SUPPLIED DATA
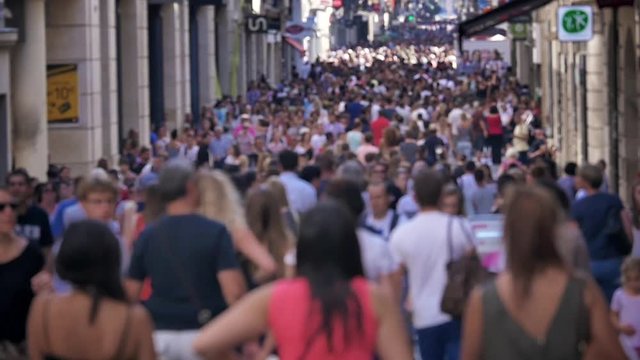 Crowd in City - slow-motion. Countless people walking in a big city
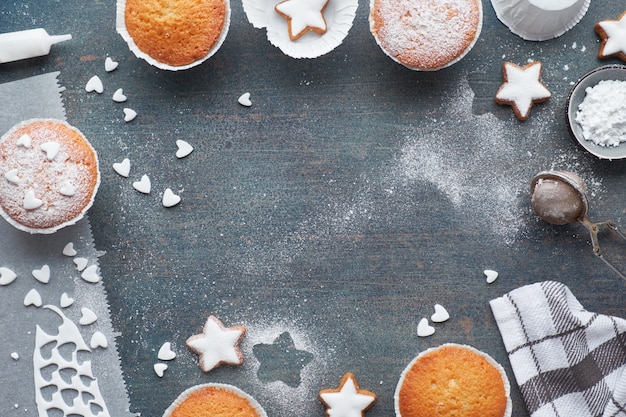 Top view of the table with sugar-sprinkled muffins, fondant icing and Christmas star cookies 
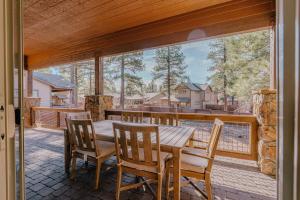 a porch with a wooden table and chairs on a balcony at McB's Mountain Retreat in Flagstaff
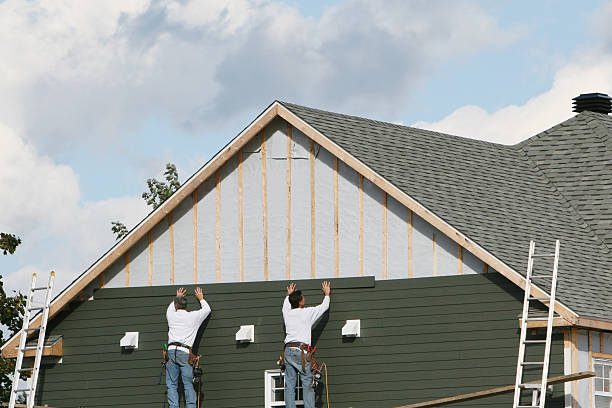 Professional Siding technician working in Queenstown, MD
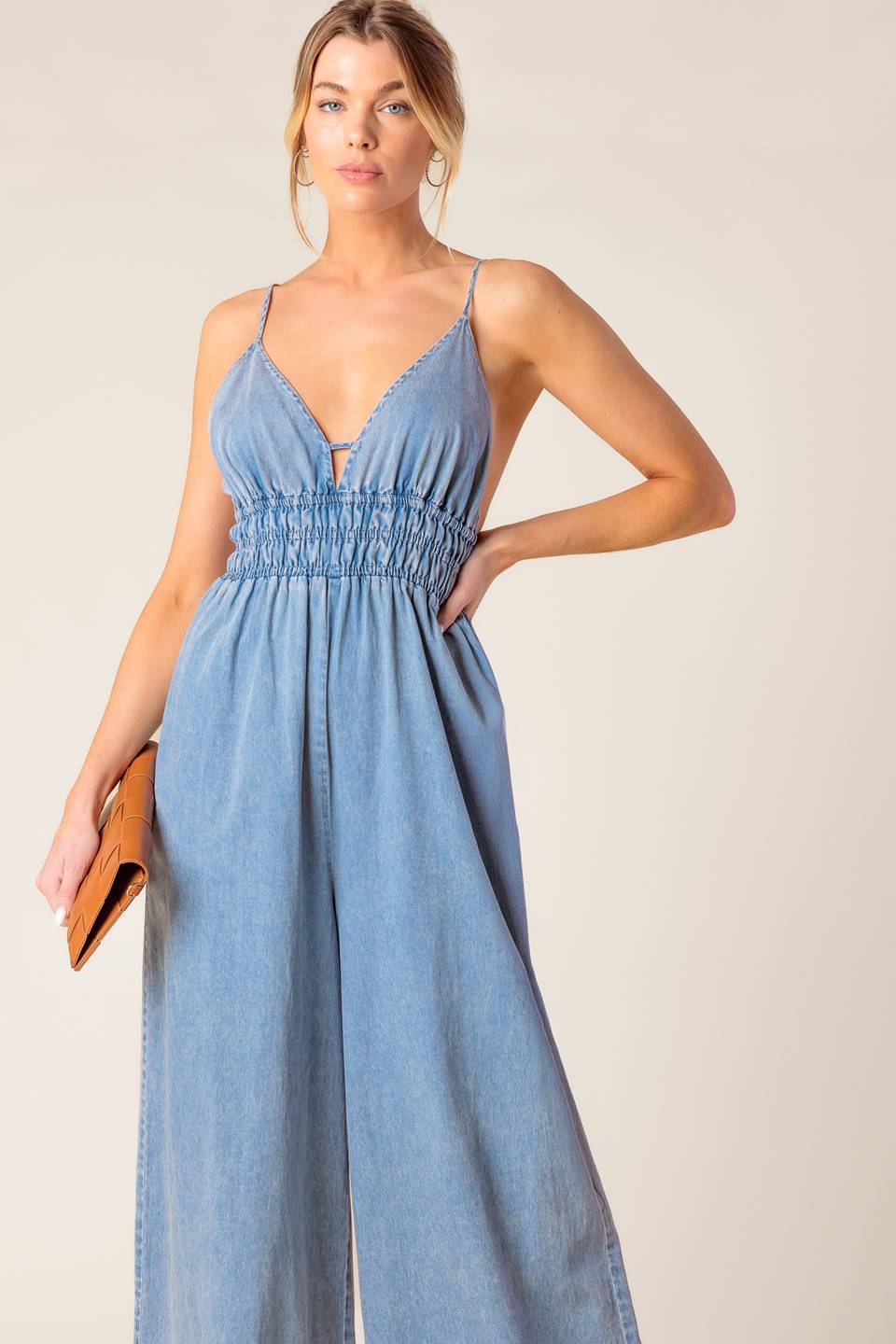 A washed light weight denim jumpsuit featuring V neckline, smocked waist, wide leg and bare back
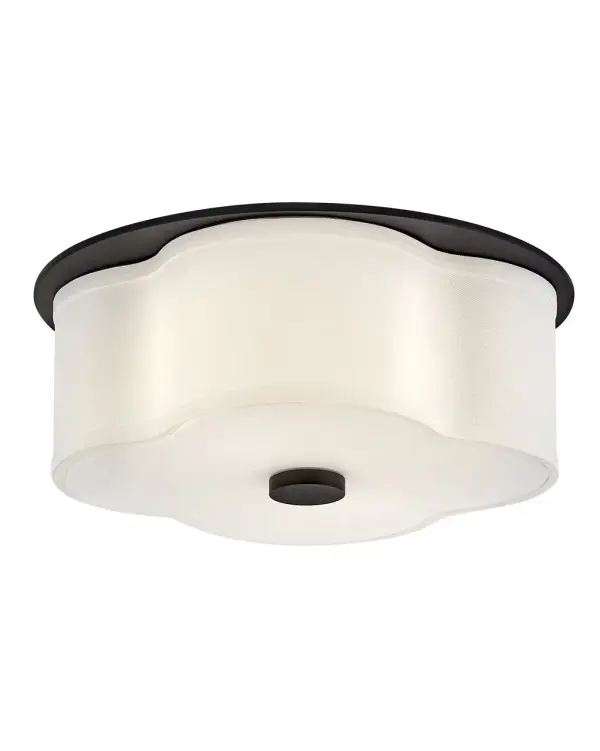The curved quatrefoil silhouette of Delaney’s off-white linen shade elegantly complements traditional aesthetics. Etched glass softly diffuses light, while an oversized decorative canopy in Heritage Brass or Black provides a subtle contrast.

THE PROBLEM
Your answer must be only the lines from the one that holds "a porch with" to the end of the listing, each restated word for word, with both ends kept and pictures left out.

OUTPUT
 a porch with a wooden table and chairs on a balcony at McB's Mountain Retreat in Flagstaff
 Professional Siding technician working in Queenstown, MD
 A washed light weight denim jumpsuit featuring V neckline, smocked waist, wide leg and bare back
The curved quatrefoil silhouette of Delaney’s off-white linen shade elegantly complements traditional aesthetics. Etched glass softly diffuses light, while an oversized decorative canopy in Heritage Brass or Black provides a subtle contrast.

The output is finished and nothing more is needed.